Your objective => Task for the records below: please copy exactly, and only, the lines from the one containing "et lame damas" to the last line, both included, leaving out the pictures.

(Image-caption web data)
------------------------------------------------------------
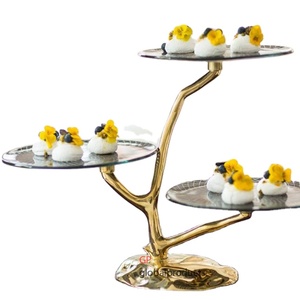 ที่สวยที่สุด3ชั้นโลหะและกระจกยืนเค้กโกลเด้นเสร็จตกแต่งถ้วยเค้กยืนสำหรับการตกแต่งงานแต่งงาน - Product Image 1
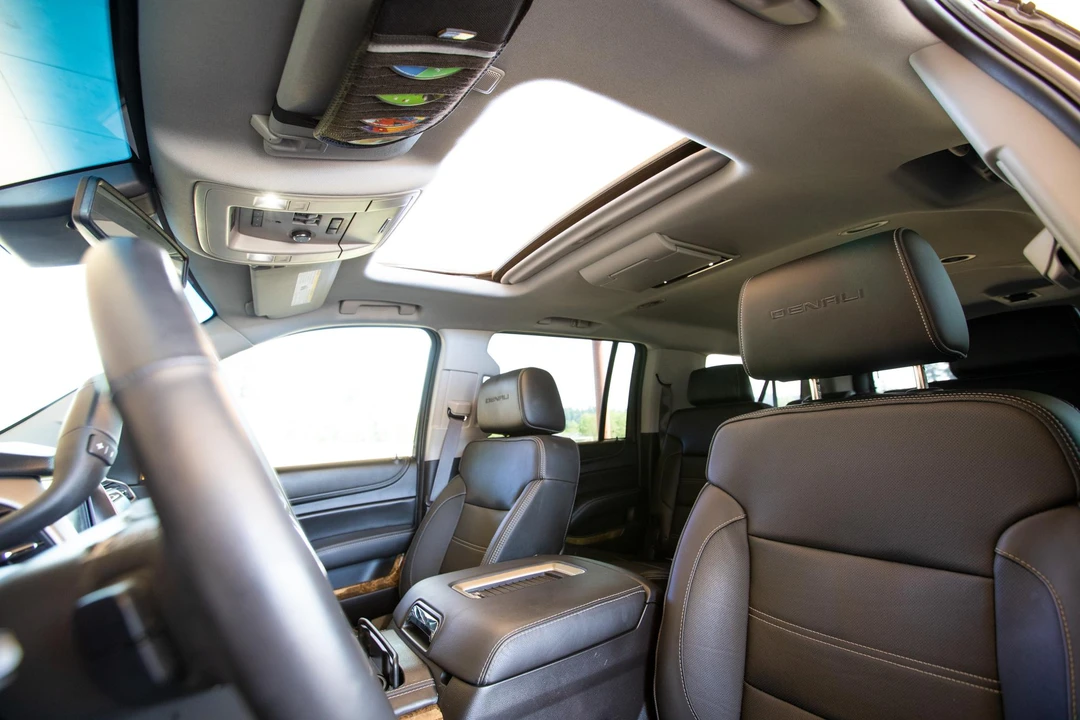2016 GMC Yukon 4th Gen - Image 28 of 31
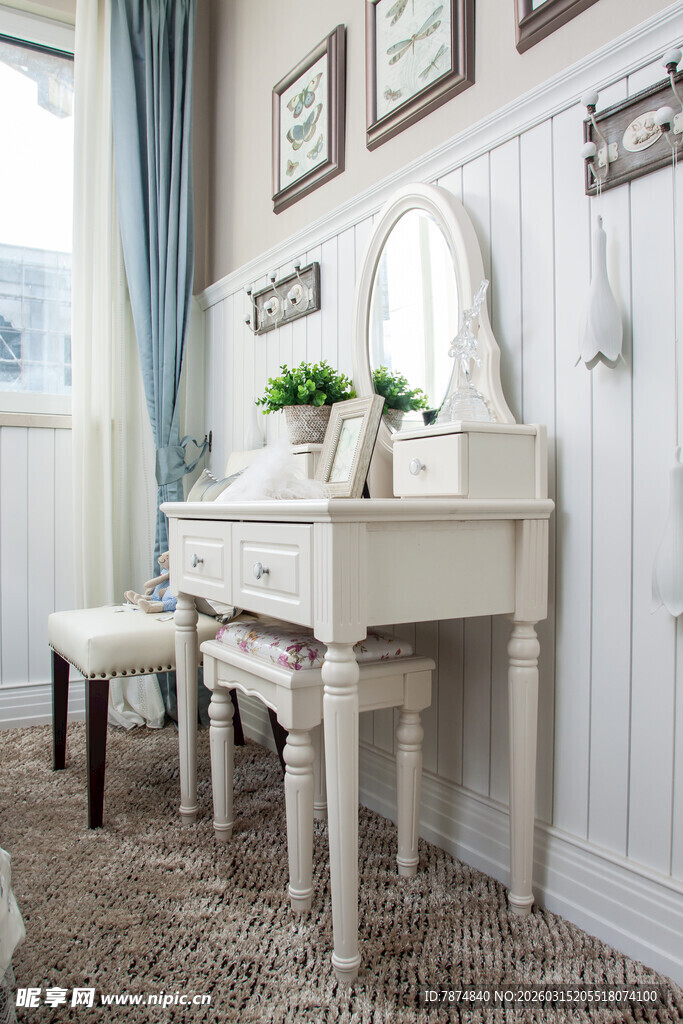 简约白色梳妆台装饰一角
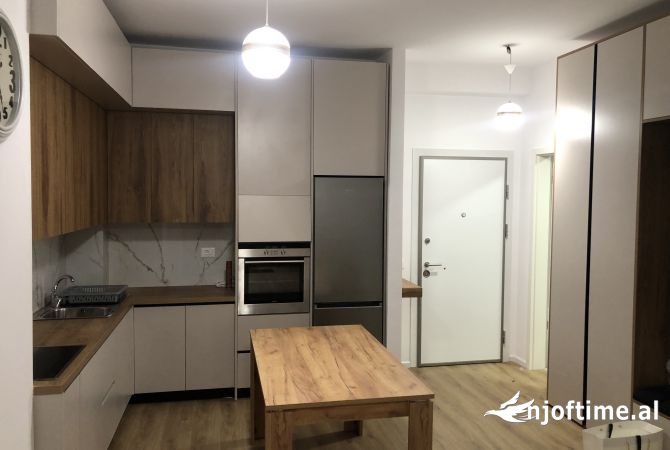 Shtepi me qera Apartament ne Tirane, 1+1, Mobilimi E mobiluar, Pagesa 500  Euro.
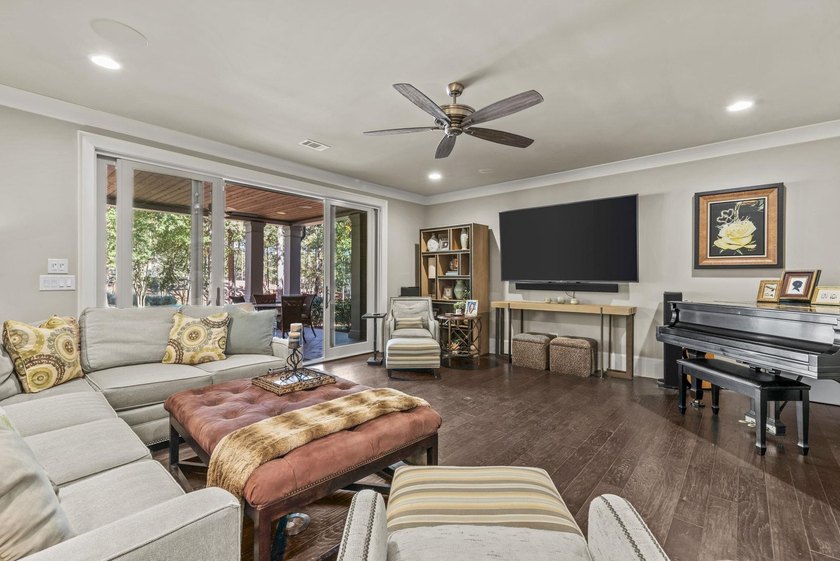Welcome to refined luxury living in the heart of Reynolds Lake - photo 36
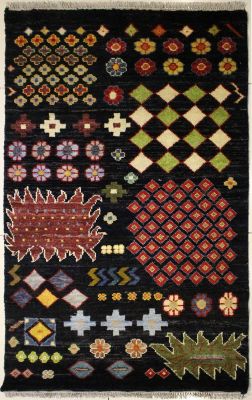 3'0x5'1 Gabbeh Area Rug made using Vegetable dyes with Wool Pile - Diamond Design | Hand-Knotted in Black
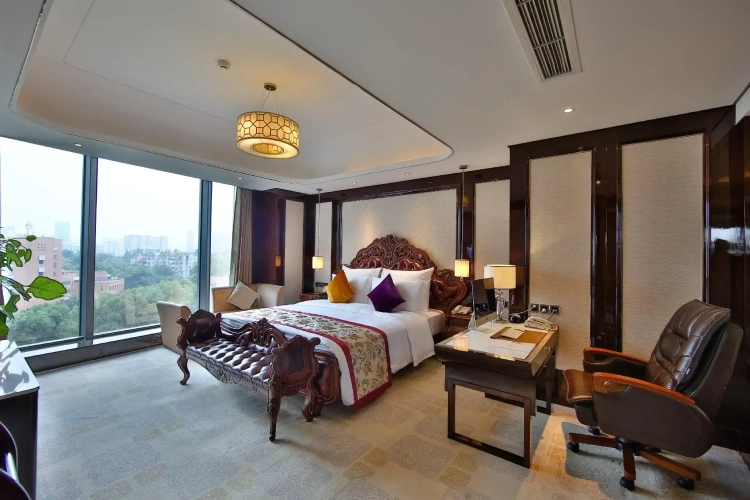 Double Club Suite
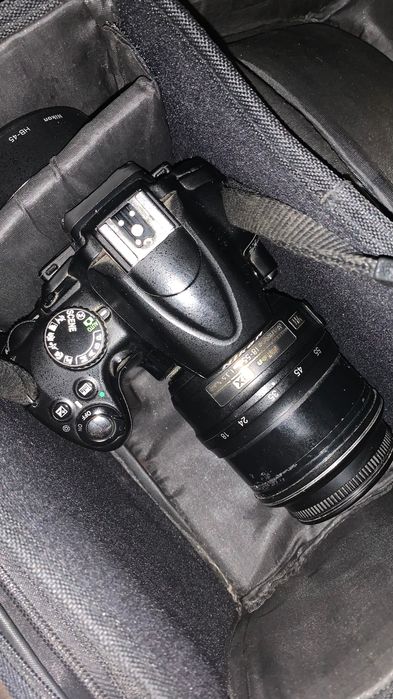 Nikon D5000 фотоаппарат зеркалка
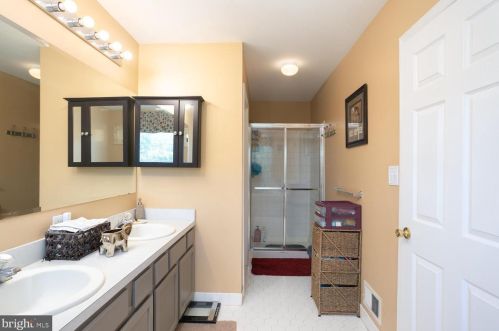 59 Greenbrook Dr, Columbus NJ  08022-2323 exterior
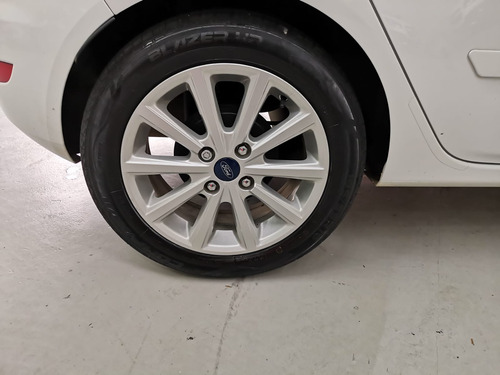 Ford Fiesta 1.6 16v Titanium Flex Powershift 5p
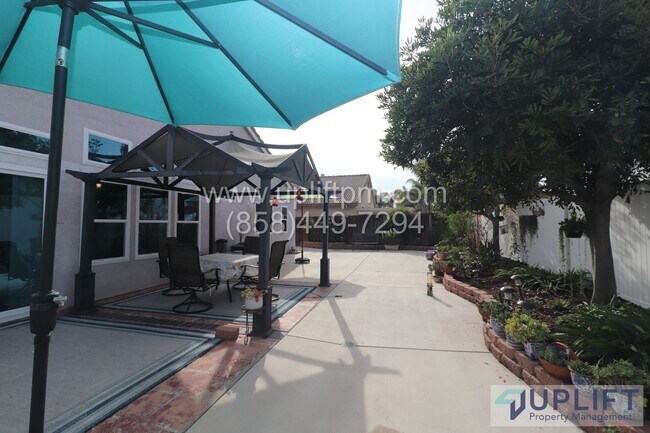 Foto del edificio - 3 Bed 2 Bath Home With Spacious Back Yard
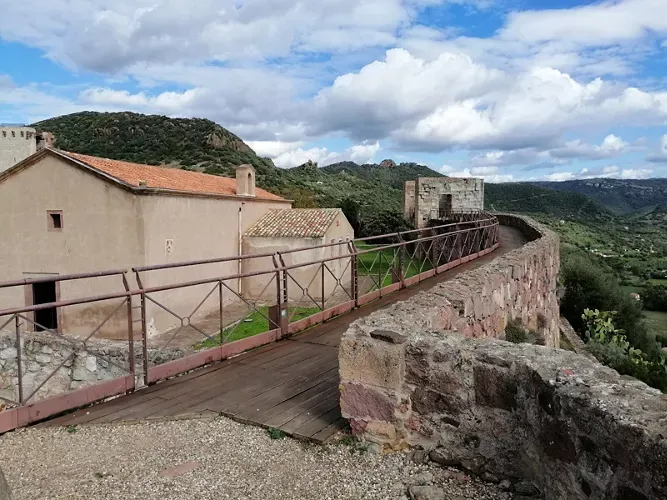 Nostra Signora Regnos Altos in Bosa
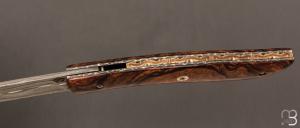 Couteau  " le Névé " pliant  par Tim Bernard - Loupe de Bois de fer et lame damas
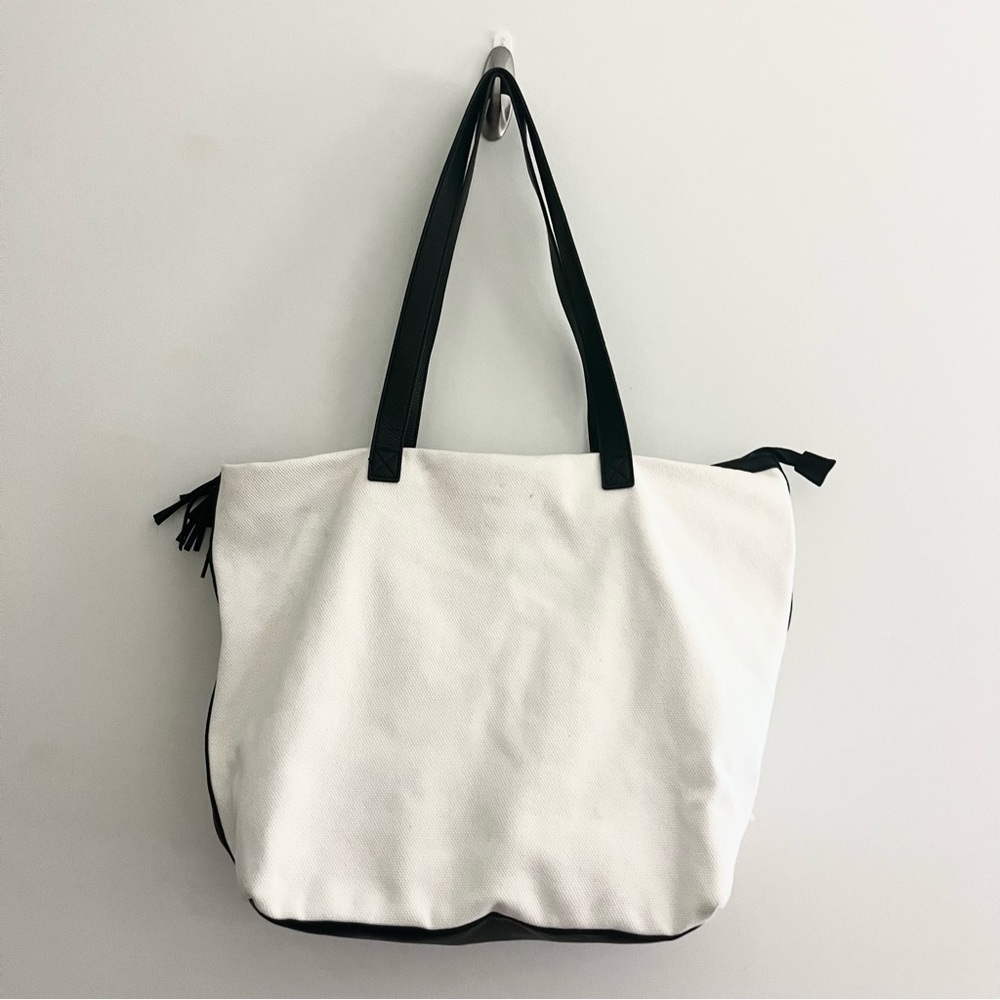 Walter Baker "Carly Bag" Classic Canvas Vegan Leather Tote White Black Weekender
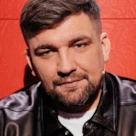 Из толпы в загс: 5 звезд, которые выбрали в жены своих фанаток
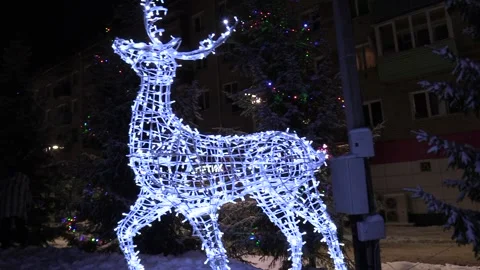Statue of a deer made of luminous paws. Creative figure. Video stock 168628467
------------------------------------------------------------
Exercise solution =>
 Couteau  " le Névé " pliant  par Tim Bernard - Loupe de Bois de fer et lame damas
 Walter Baker "Carly Bag" Classic Canvas Vegan Leather Tote White Black Weekender
 Из толпы в загс: 5 звезд, которые выбрали в жены своих фанаток
Statue of a deer made of luminous paws. Creative figure. Video stock 168628467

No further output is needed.